### Exercise description
Could you retype every line below exactly, omitting the images?

### Information supplied
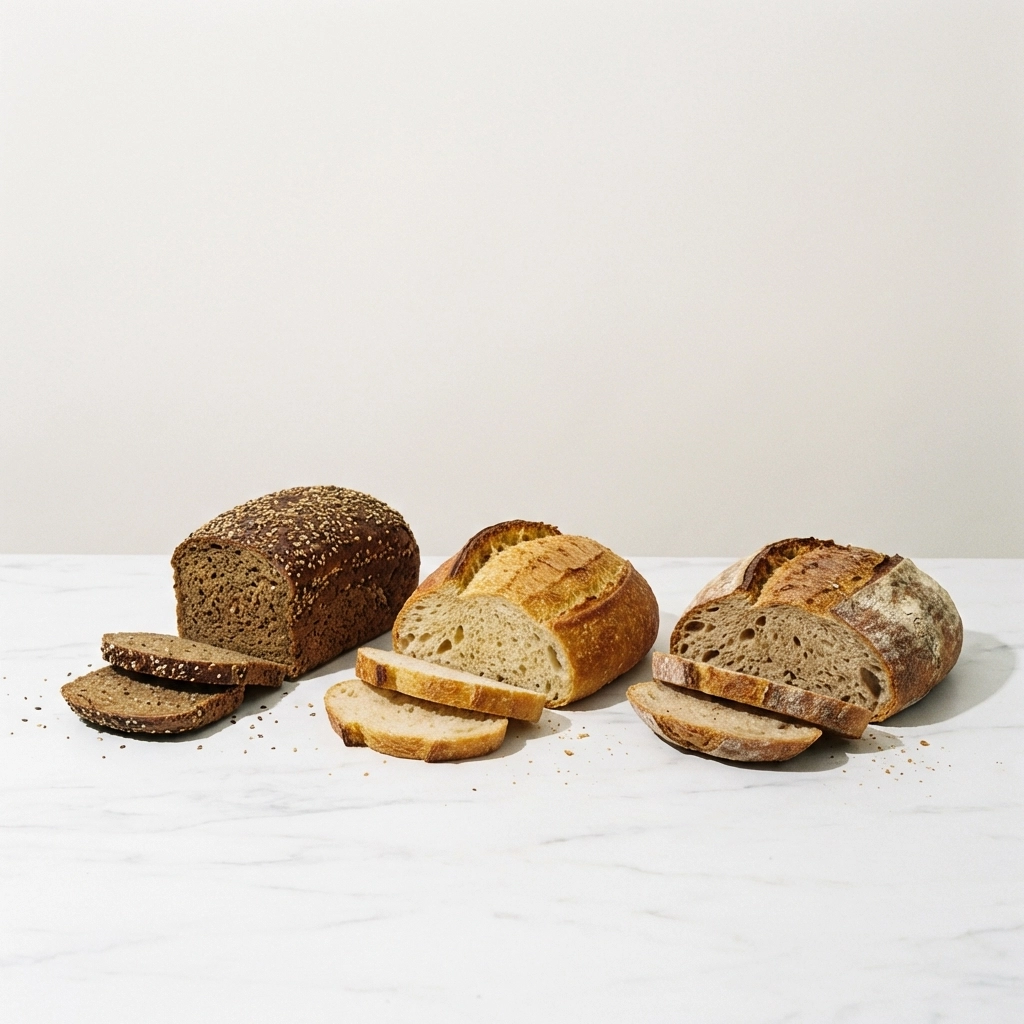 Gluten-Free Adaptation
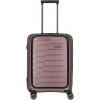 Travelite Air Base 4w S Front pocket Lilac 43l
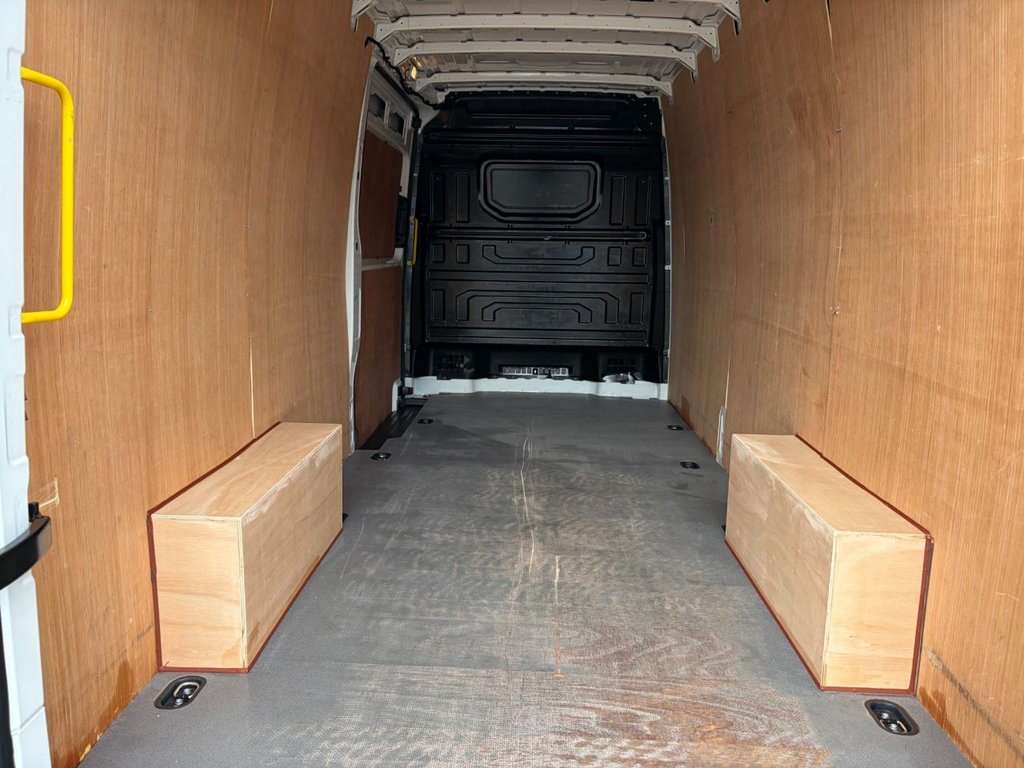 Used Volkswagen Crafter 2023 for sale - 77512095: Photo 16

### Your solution
 Gluten-Free Adaptation
 Travelite Air Base 4w S Front pocket Lilac 43l
 Used Volkswagen Crafter 2023 for sale - 77512095: Photo 16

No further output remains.